The company then plans an above-inflation increase for the following five years, which will leave the average customer with a bill of more than £450 a year by 2020.
The company will justify the price increase to the regulator by claiming there have been recent unforeseen costs and there is a need to invest in major infrastructure projects, including a new £4.1bn super-sewer to cope with London’s rising population.
However, the organisation that represents the water firms’ customers, the Consumer Council for Water (CCWater), said it was “concerned” by plans for above-inflation price rises in the current economic climate. Steve Hobbs, policy manager at CCWater, said: “Due to the wider context of the economy and the pressures householders are under due to their budgets, more than ever Thames, and all the other companies, have to listen to customers.
“Really if a company is looking at above-inflation rises it needs to justify it and show that it has listened to customers, explained the reasons for those increases, and crucially show customers have accepted it. We will be looking for evidence of that.
“The financial performance of the industry, especially in the last couple of years, has been pretty good. I think the time has come for that gain to benefit the customers as well as the shareholders. We would like to see a better balance.”
According to the latest available accounts, Thames paid total dividends to its shareholders of £1.18bn in the five years to March 2012. Last year the company enjoyed operating profits of £650m, although it did not pay any corporation tax in 2012 by offsetting the interest payments on its debts against its tax liability and delaying it by claiming allowances on capital project spending.
Thames is owned by an international consortium of investors led by the European arm of an Australian bank, Macquarie Group. Martin Baggs, the chief executive of Thames Water, was given a bonus of £420,000 on top of his £425,000 salary and is in line for a further windfall of £1m based on company performance through to 2015.
Martin Blaiklock, a former director of utilities at the European Bank for Reconstruction and Development, said that the company should have paid less to its shareholders and saved more for investment.
He said: “If Thames had not been so generous to its shareholders with dividends over the last 12 years, and strengthened, rather than weakened, their balance sheet, they would not be in the predicament they are today.”
Thames’s plans, laid out in a draft business plan for 2015-2020, will fuel concern over the policies of the UK’s water companies which since privatisation in 1989 have increased their average bills from £236 to £340, although the privatised companies maintain that prices increased at a greater rate when they were state-owned.
Critics say the takeover of the water industry by private equity firms, which have often burdened the UK companies with offshore intra-company debt, has seen a profitable, secure industry turned into a cash cow in which customers are the financial losers.
Severn Trent is the latest firm to catch the eye of private-equity buyers.
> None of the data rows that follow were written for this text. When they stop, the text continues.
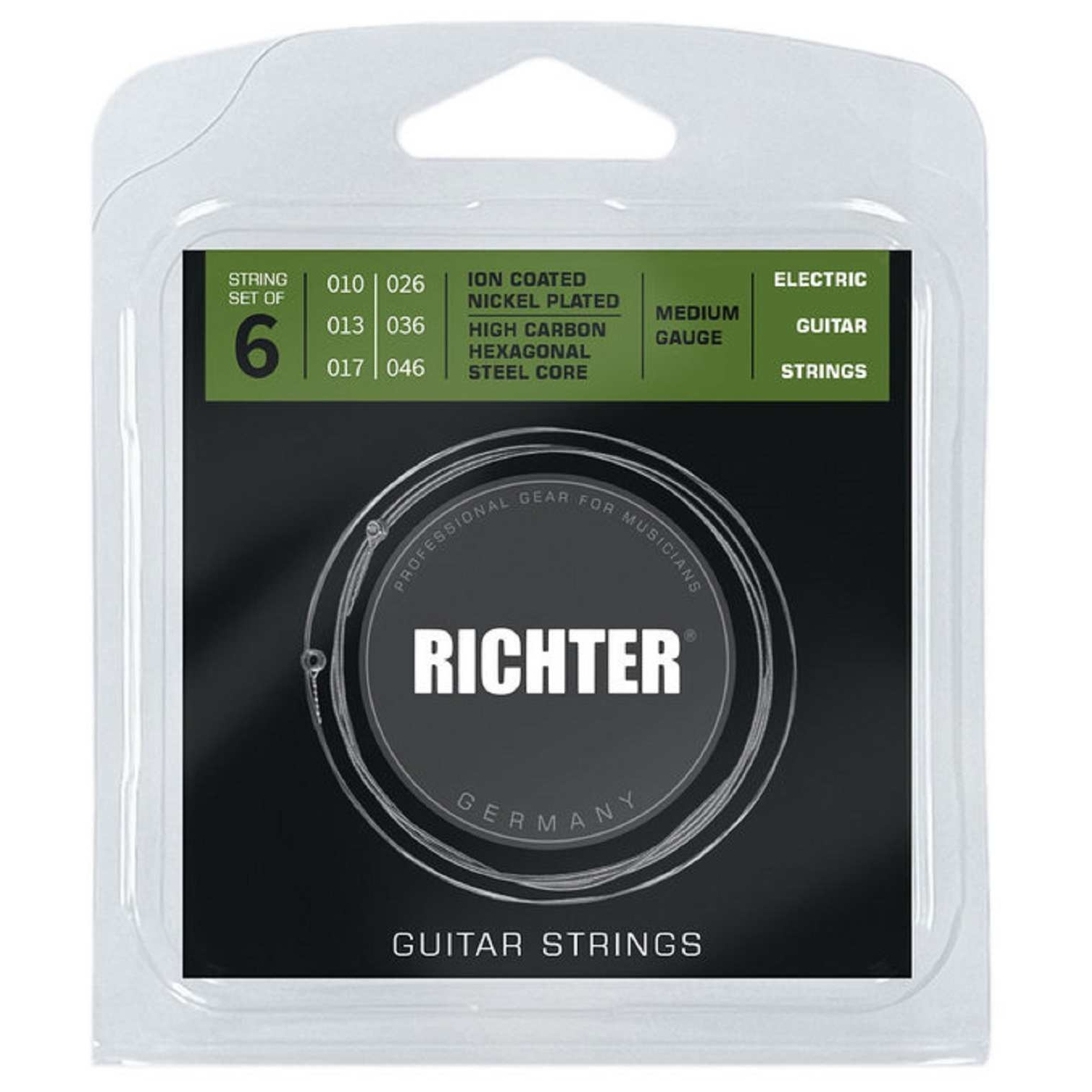 Richter Ion Coated Nickel Wound Medium Gauge | 010-046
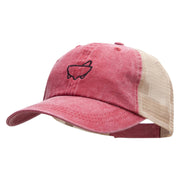 Molcajete Embroidered Washed Trucker Cap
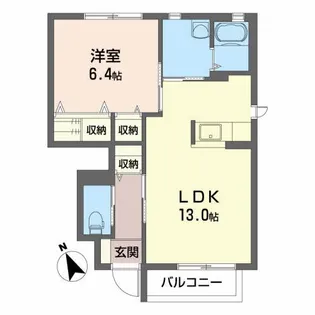 アクア・ドルフィン【1階】の間取り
The company recently rejected an approach by a consortium of Canada’s Borealis, the Kuwait Investment Office and the UK’s Universities Superannuation Scheme.
A spokesman for Thames Water said the company had the second-lowest average bills in the country and that rises were required for investment in infrastructure. He added that the full impact of the costs of the new super-sewer would hit customers in around 2020, and that alone would add around £70 to £80 to all customers’ bills, not including inflation.
He said: “We are proposing 1%-a-year above-inflation bill rises between 2015 and 2020 to help fund essential upgrades to our ageing pipes, sewers and other facilities, so we can continue providing high-quality, affordable services to our customers while keeping pace with population growth, climate change, new laws and regulations and rising energy costs.
“We propose that by 2019-20 our average household bill will be £370 a year before inflation, up from £354 today. This excludes the cost of the Thames Tideway Tunnel, the full impact of which will come into effect in the early 2020s.
“Our customers’ bills are the second-lowest in the country, at less than £1 a day per household, while we continue to invest a record £1bn a year in infrastructure upgrades – more than any other company ever has.
“As a result, Thames Water’s operational performance – as measured by leakage, tapwater quality and sewage works compliance – is close to its best level ever.
“This transformation would never have been possible under public ownership. The UK water industry has made capital investment of £108bn since privatisation in 1989, and this work continues. Far from an example of its failure, the industry is an example of privatisation’s success.”